TASK OBJECTIVE — Lines from the one containing "Lemon Gray Damask" through the end of the listing are what is wanted, given again exactly with both ends included and pictures left out.

GIVEN MATERIAL —
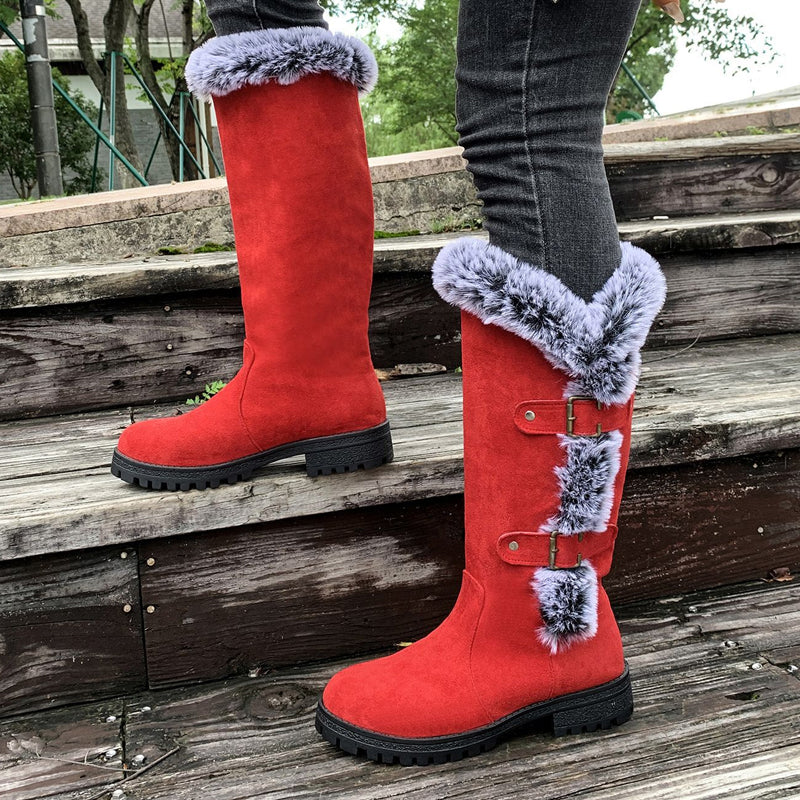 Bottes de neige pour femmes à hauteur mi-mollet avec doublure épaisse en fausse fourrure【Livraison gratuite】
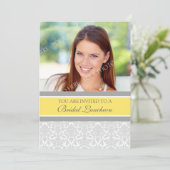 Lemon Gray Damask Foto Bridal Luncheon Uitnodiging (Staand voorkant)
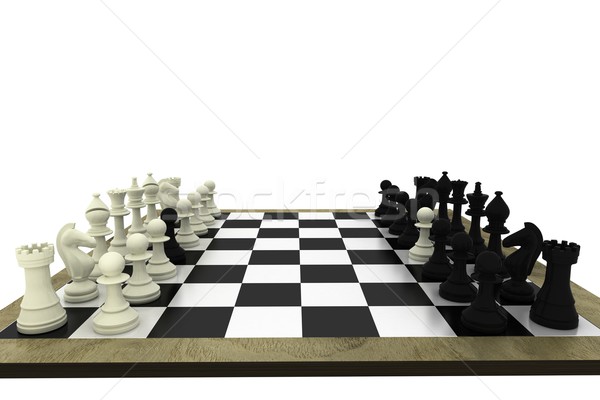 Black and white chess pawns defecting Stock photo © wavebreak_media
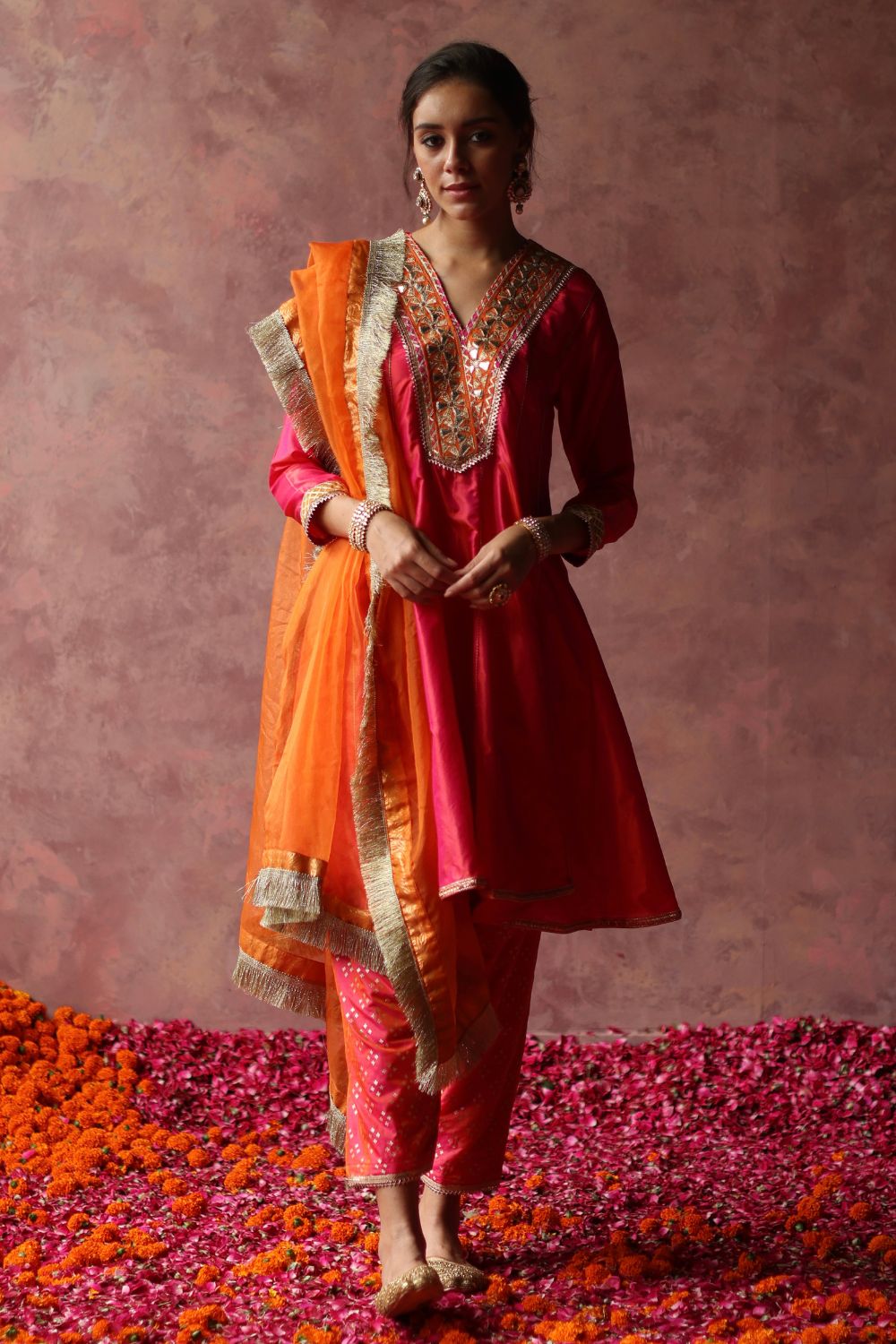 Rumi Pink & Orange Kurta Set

WORKED SOLUTION —
 Lemon Gray Damask Foto Bridal Luncheon Uitnodiging (Staand voorkant)
 Black and white chess pawns defecting Stock photo © wavebreak_media
 Rumi Pink & Orange Kurta Set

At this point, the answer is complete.